## PROBLEM TO WORK ON
Look through the records below for the line holding "To keep the". Write it out exactly, with each following line through the line holding "Now question number".

Stored items from a collection:
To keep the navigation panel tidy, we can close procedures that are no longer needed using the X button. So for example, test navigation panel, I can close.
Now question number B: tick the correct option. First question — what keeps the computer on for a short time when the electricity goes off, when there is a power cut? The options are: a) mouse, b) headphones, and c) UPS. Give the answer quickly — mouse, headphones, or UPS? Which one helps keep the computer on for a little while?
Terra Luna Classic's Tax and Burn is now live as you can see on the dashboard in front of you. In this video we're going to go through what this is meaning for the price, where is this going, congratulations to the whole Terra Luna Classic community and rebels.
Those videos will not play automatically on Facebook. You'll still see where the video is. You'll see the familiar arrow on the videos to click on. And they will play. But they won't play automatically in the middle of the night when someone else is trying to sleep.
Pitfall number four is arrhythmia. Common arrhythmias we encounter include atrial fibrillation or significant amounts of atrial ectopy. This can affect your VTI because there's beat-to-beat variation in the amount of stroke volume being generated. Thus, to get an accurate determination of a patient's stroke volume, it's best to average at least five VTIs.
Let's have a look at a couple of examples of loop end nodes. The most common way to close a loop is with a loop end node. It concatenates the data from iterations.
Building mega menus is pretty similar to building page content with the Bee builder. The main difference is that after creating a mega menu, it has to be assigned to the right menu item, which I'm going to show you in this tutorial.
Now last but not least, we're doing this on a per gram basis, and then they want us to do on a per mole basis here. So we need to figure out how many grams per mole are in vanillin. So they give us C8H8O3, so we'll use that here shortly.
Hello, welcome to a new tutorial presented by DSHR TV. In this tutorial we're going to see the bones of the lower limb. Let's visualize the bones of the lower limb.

==

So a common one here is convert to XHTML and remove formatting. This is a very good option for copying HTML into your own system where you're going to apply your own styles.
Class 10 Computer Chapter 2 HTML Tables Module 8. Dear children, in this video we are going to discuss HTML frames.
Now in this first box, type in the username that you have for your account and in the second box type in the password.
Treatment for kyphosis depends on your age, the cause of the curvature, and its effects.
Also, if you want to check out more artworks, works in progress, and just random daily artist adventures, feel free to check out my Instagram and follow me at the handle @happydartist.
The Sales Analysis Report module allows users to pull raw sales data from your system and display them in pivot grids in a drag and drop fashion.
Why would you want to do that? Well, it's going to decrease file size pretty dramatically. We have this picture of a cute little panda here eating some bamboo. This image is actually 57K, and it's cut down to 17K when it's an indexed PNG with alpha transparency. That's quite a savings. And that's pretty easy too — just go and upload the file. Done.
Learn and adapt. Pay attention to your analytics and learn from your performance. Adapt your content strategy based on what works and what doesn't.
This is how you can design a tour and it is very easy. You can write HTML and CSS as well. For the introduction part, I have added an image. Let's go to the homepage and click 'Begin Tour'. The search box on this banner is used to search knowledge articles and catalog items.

## YOUR SOLUTION
To keep the navigation panel tidy, we can close procedures that are no longer needed using the X button. So for example, test navigation panel, I can close.
Now question number B: tick the correct option. First question — what keeps the computer on for a short time when the electricity goes off, when there is a power cut? The options are: a) mouse, b) headphones, and c) UPS. Give the answer quickly — mouse, headphones, or UPS? Which one helps keep the computer on for a little while?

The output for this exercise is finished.